▸ About this exercise:
I'd like the listing below copied exactly, with the images left out.
Top of Data below
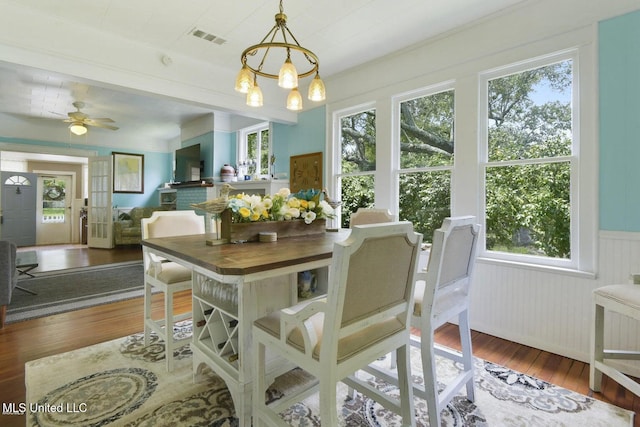 dining space with hardwood / wood-style floors, ceiling fan with notable chandelier, and a healthy amount of sunlight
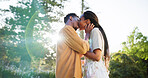 Morning, love and black couple in park kiss together for bonding, relationship and affection in nature. Lens flare, dating and man and woman outdoors for romance, embrace and commitment on weekend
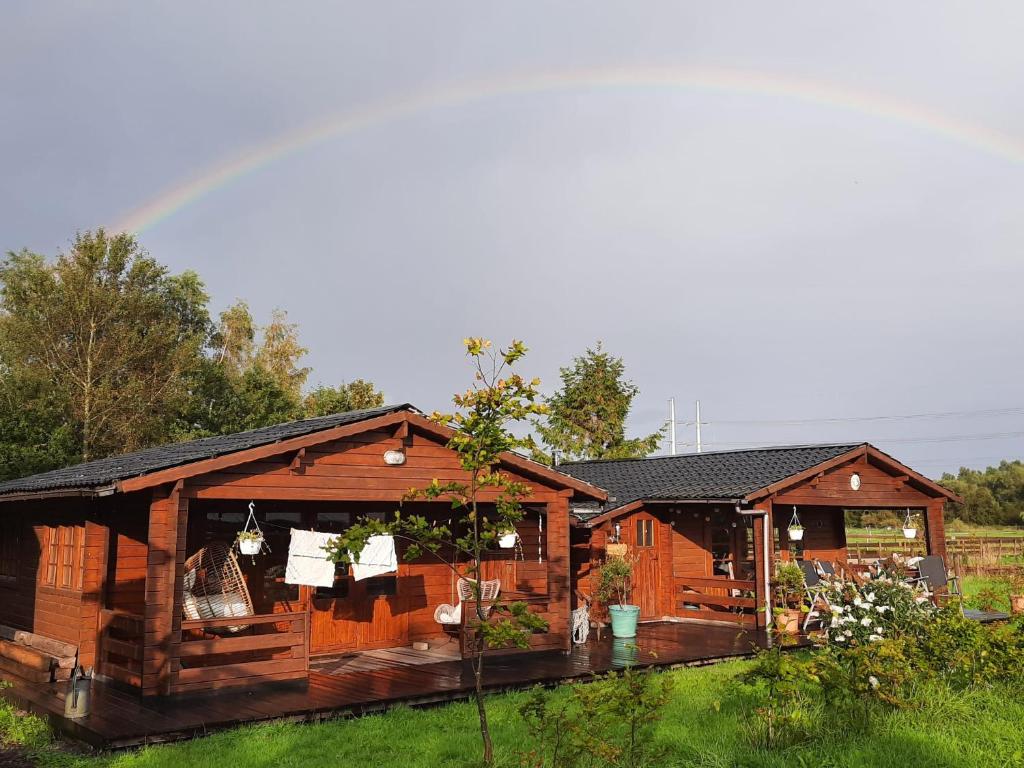 een paar houten gebouwen met een regenboog op de achtergrond bij Ruime romantische blokhut in Zwaanshoek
Bottom of Data below
▸ Solution to the exercise:
 dining space with hardwood / wood-style floors, ceiling fan with notable chandelier, and a healthy amount of sunlight
 Morning, love and black couple in park kiss together for bonding, relationship and affection in nature. Lens flare, dating and man and woman outdoors for romance, embrace and commitment on weekend
 een paar houten gebouwen met een regenboog op de achtergrond bij Ruime romantische blokhut in Zwaanshoek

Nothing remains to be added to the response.